Are there really infinite transcendental numbers?

[SLD]

 Riemann zeta function - Riemann Zeta Function -- from Wolfram MathWorld

is defined by a sum formula that is only valid for Re(s) > 1. That function has a pole, an infinite value, at s = 1, but one can go around that pole in the complex plane: analytic continuation.

Riemann Zeta Function Zeros -- from Wolfram MathWorld
The trivial ones are for s = -2, -4, -6, -8, -10, ...

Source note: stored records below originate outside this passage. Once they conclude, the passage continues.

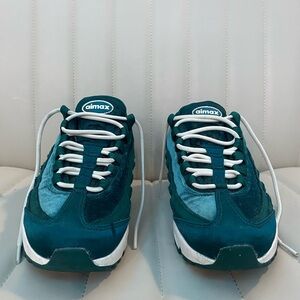 Womens Nike AirMax 95 Green Velvet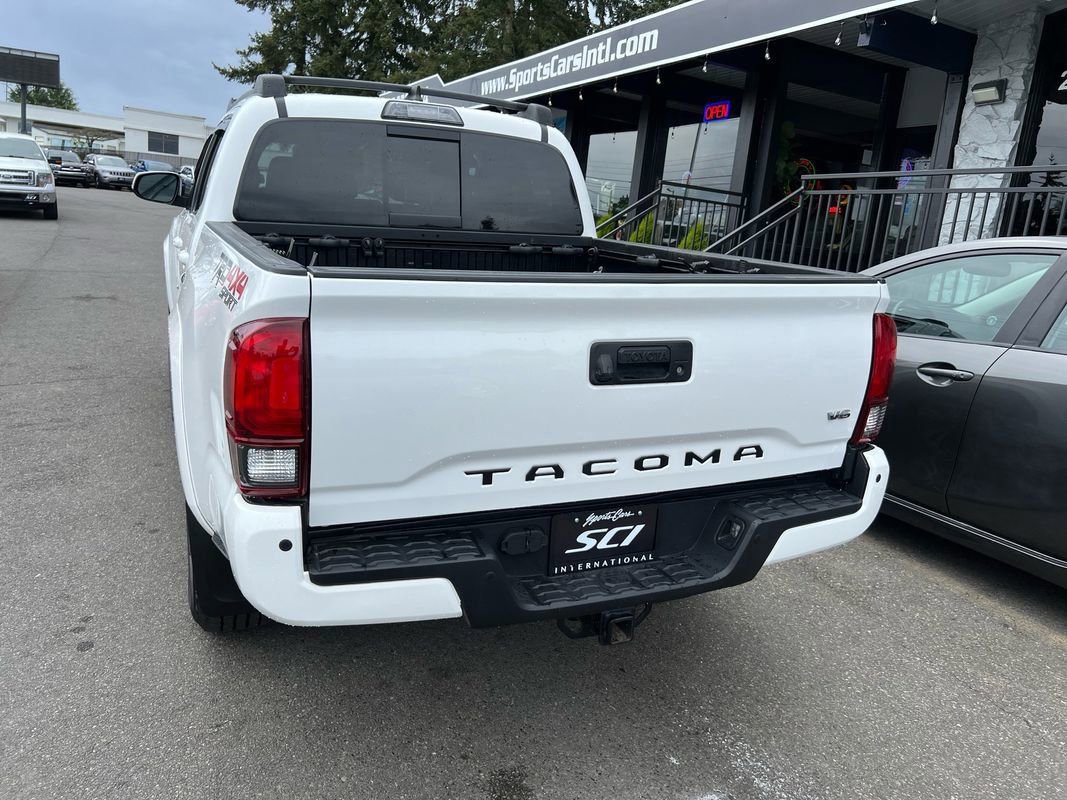 Used 2019 Toyota Tacoma TRD Sport w/ Technology Package AWD/4WD image 4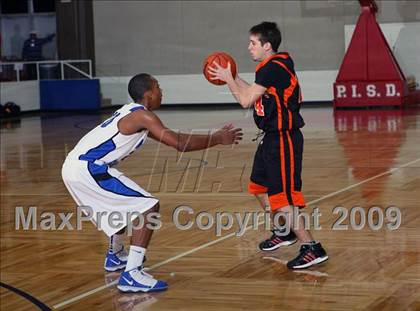 Thumbnail 3 in La Porte vs. North Crowley (McDonalds Texas Invitational) photogallery.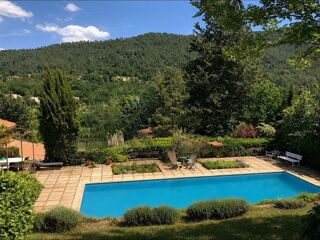  Villa à vendre 7 pièces 202 m²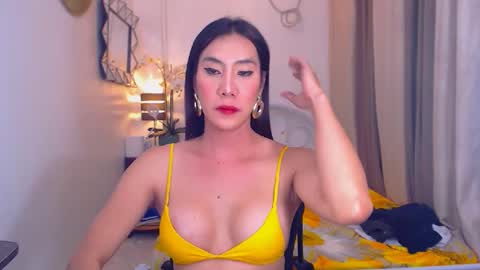 Snapshot of ervanamorge chatting on 02-16-25, 10:10 Ervana online show from 02-16-25, 10:10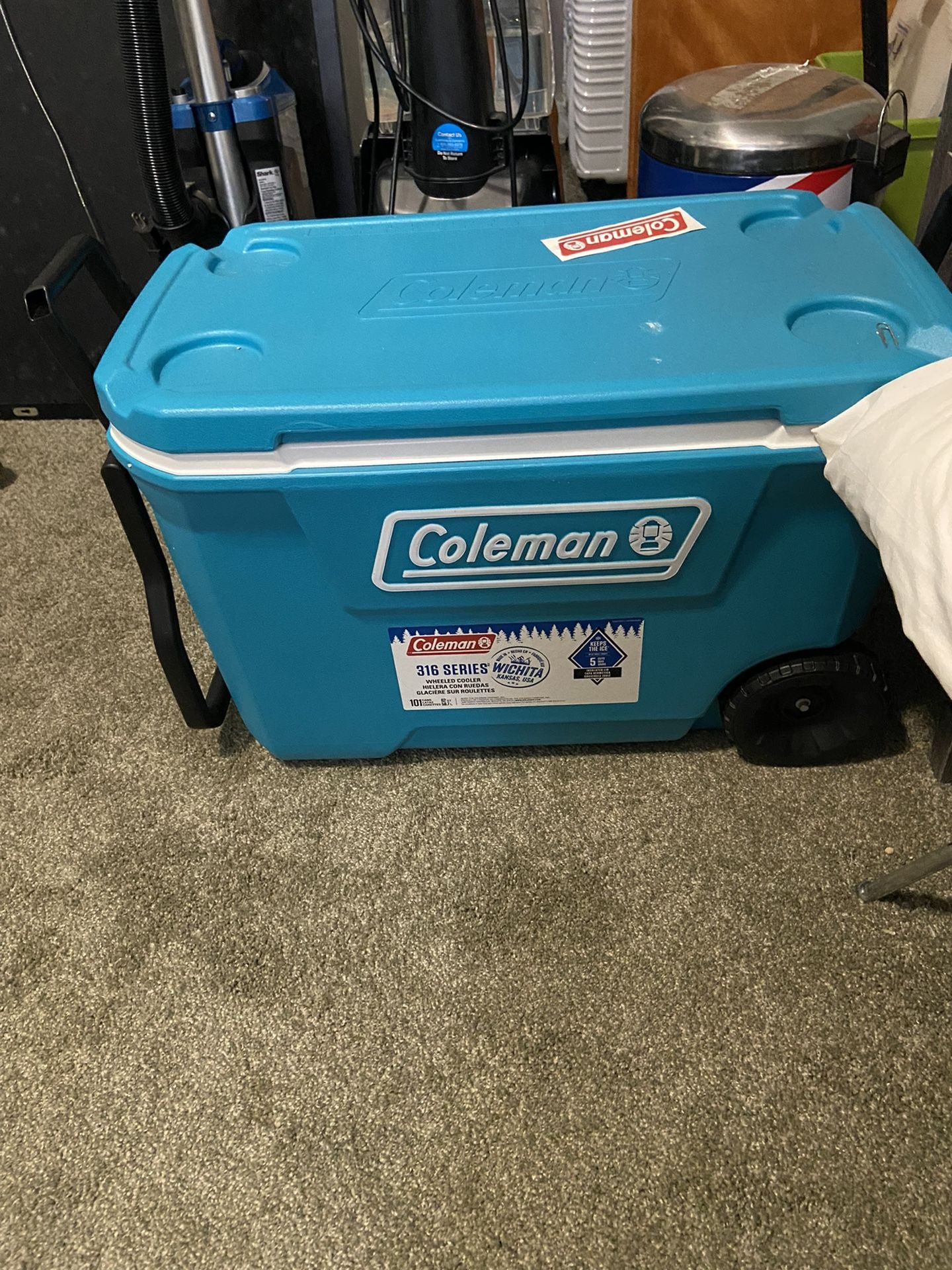 Coleman Wheeled cooler 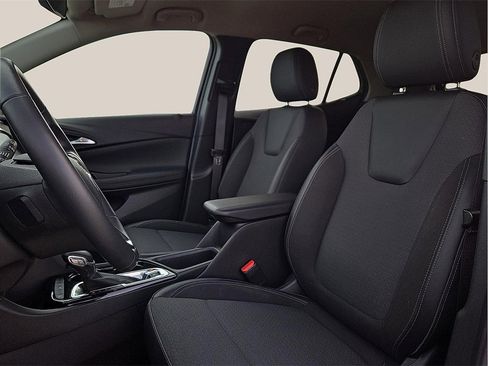 Used 2022 Buick Encore GX Select image 10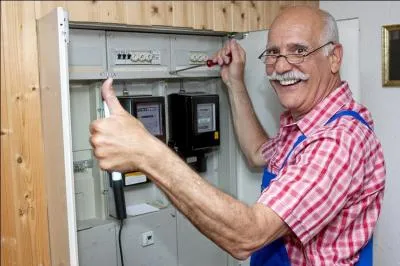 Salut Jacky, comment traduire "un réparateur" en anglais?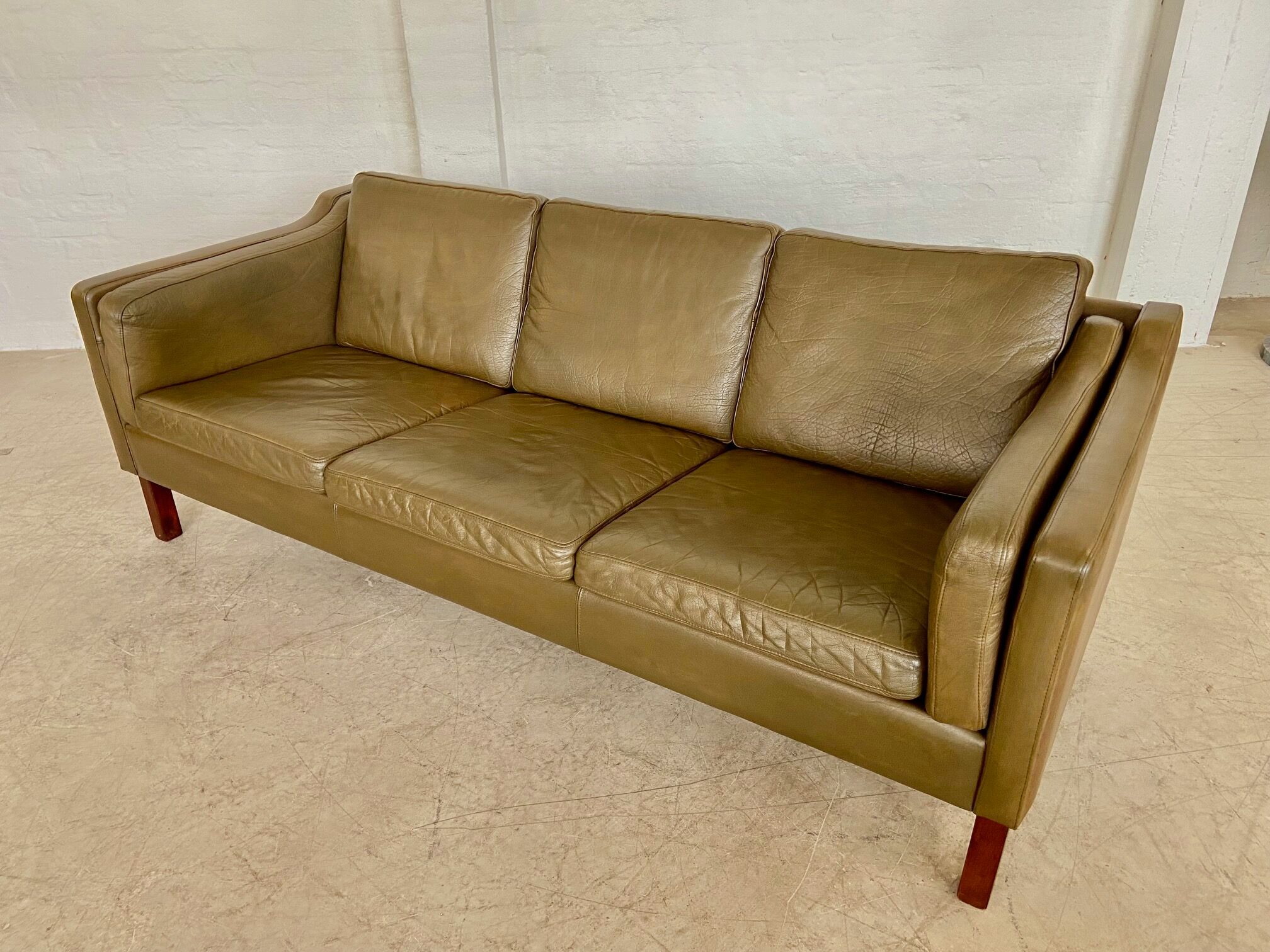 Canapé en cuir vert olive de Mogens Hansen, vintage danois des années 1960, pour 3 personnes.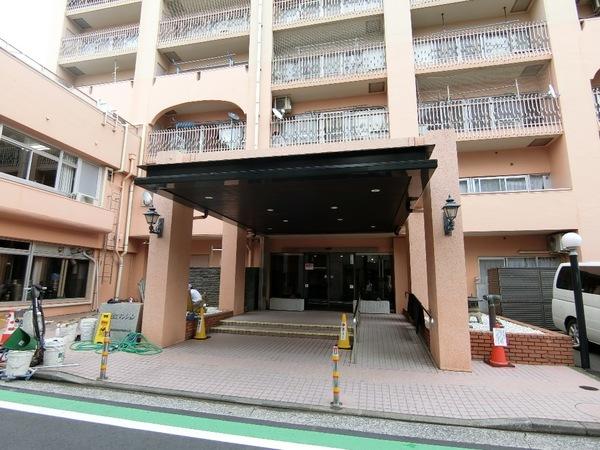 豊栄狛江マンション エントランス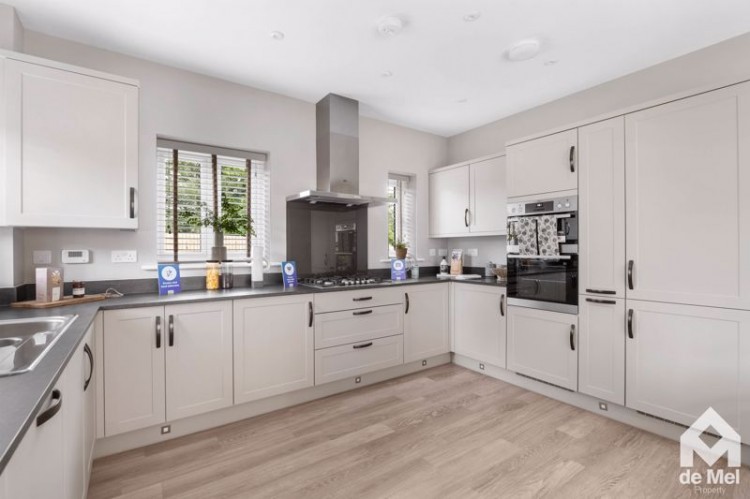 Images for The Wren, Merret Place, Winchcombe, GL54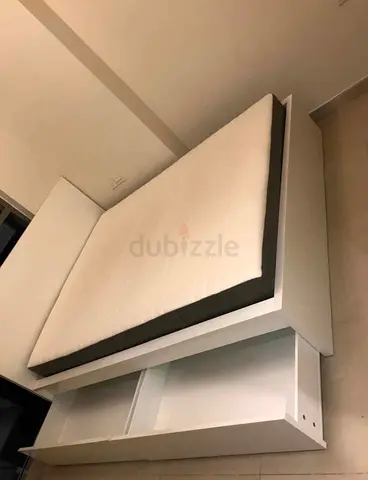 IKEA queen‑size bed (160 × 200 cm) with 2 storage drawers underneath and an IKEA mattress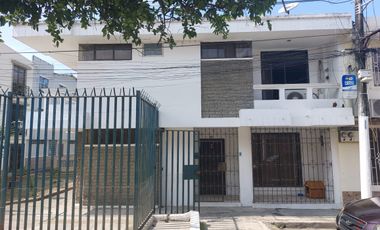 Casa esquinera de venta en Sauces 2, 4 dormitorios, Norte de Guayaquil.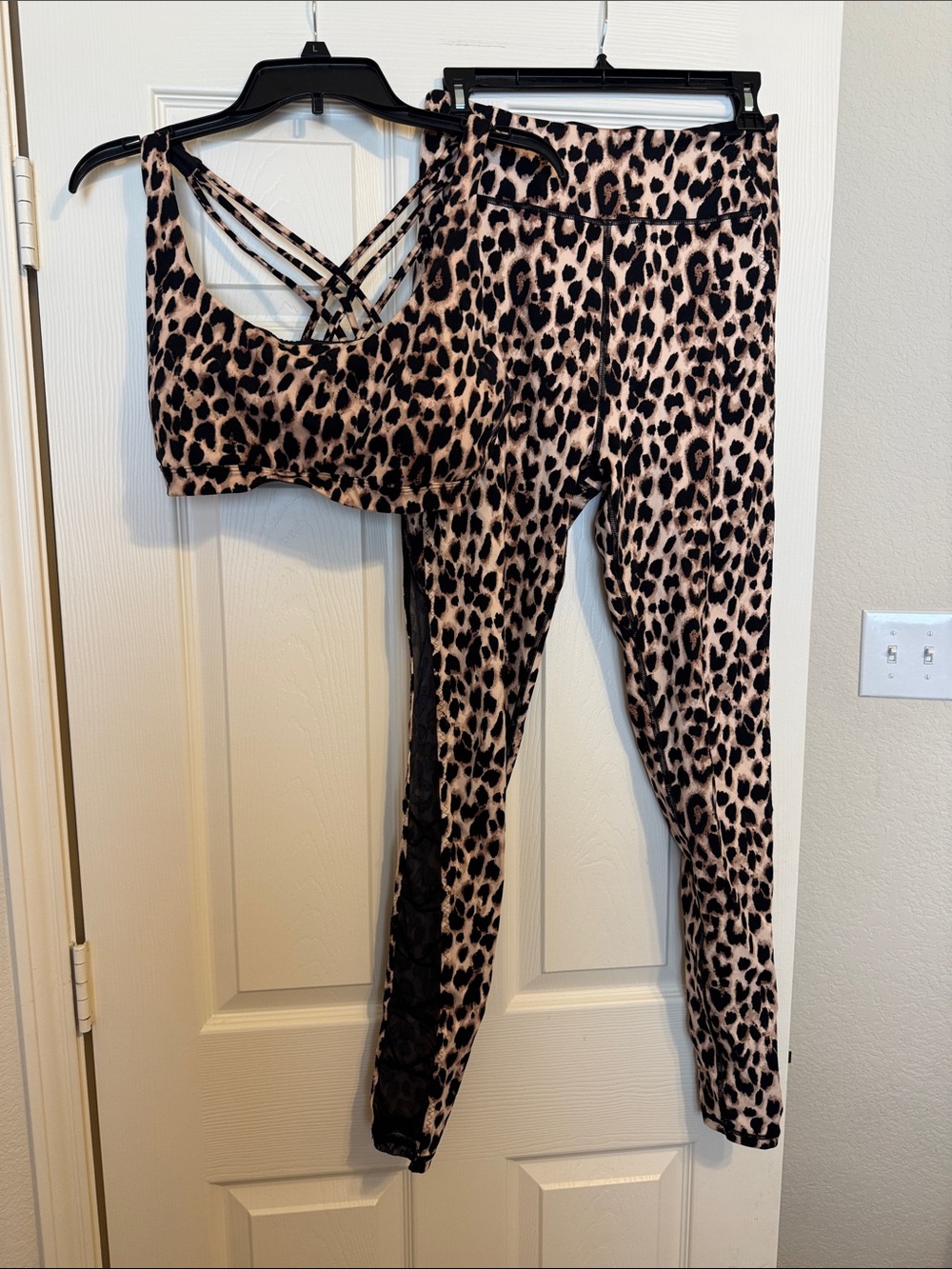 VICTORIA’S SECRET Leopard Print Active Leggings & Sports Bra Set -  Brown -black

The nontrivial ones have form s = sr + i*si, where 0 < sr < 1. The Riemann hypothesis states that all such zeros have sr = 1/2.  Riemann hypothesis - Riemann Hypothesis -- from Wolfram MathWorld It is related to the prime-number theorem, a hypothesis about the asymptotic distribution of prime numbers.  Prime number theorem - Prime Number Theorem -- from Wolfram MathWorld

The Riemann hypothesis has yet to be proved, despite the efforts of mathematicians for a century and a half, though it has been verified for the first 10^(13) nontrivial zeros.

So basically even though real part of the number is less than 1, the summation to infinity still converges, and in some cases along the real line 1/2 it actually goes to zero.

Does it go to infinity, I.e., not converge, for some numbers along the 1/2 “strip”? Or at other spots off the x axis?

Those would be poles right?

I wonder if you can creat a conformal map of the function?

 

[Swammerdami]

Note that

ζ(-1) = 1+2+3+4+... = -1/12​

That is: The zeta function at -1 is a divergent series that looks like ∞ but which, using analytic continuation can be treated as summing to the (unlikely looking!) value -1/12. This peculiar-looking summation was discovered by Leonhard Euler and later rediscovered by Srinivasa Ramanujan.

 

[SLD]

 Riemann zeta function - Riemann Zeta Function -- from Wolfram MathWorld

is defined by a sum formula that is only valid for Re(s) > 1. That function has a pole, an infinite value, at s = 1, but one can go around that pole in the complex plane: analytic continuation.

Riemann Zeta Function Zeros -- from Wolfram MathWorld
The trivial ones are for s = -2, -4, -6, -8, -10, ...

The nontrivial ones have form s = sr + i*si, where 0 < sr < 1. The Riemann hypothesis states that all such zeros have sr = 1/2.  Riemann hypothesis - Riemann Hypothesis -- from Wolfram MathWorld It is related to the prime-number theorem, a hypothesis about the asymptotic distribution of prime numbers.  Prime number theorem - Prime Number Theorem -- from Wolfram MathWorld

The Riemann hypothesis has yet to be proved, despite the efforts of mathematicians for a century and a half, though it has been verified for the first 10^(13) nontrivial zeros.

I just wonder how Riemann actually calculated these numbers without a calculator.

And are we sure that the series actually converges to zero at these points? Or is just that we know it seems to?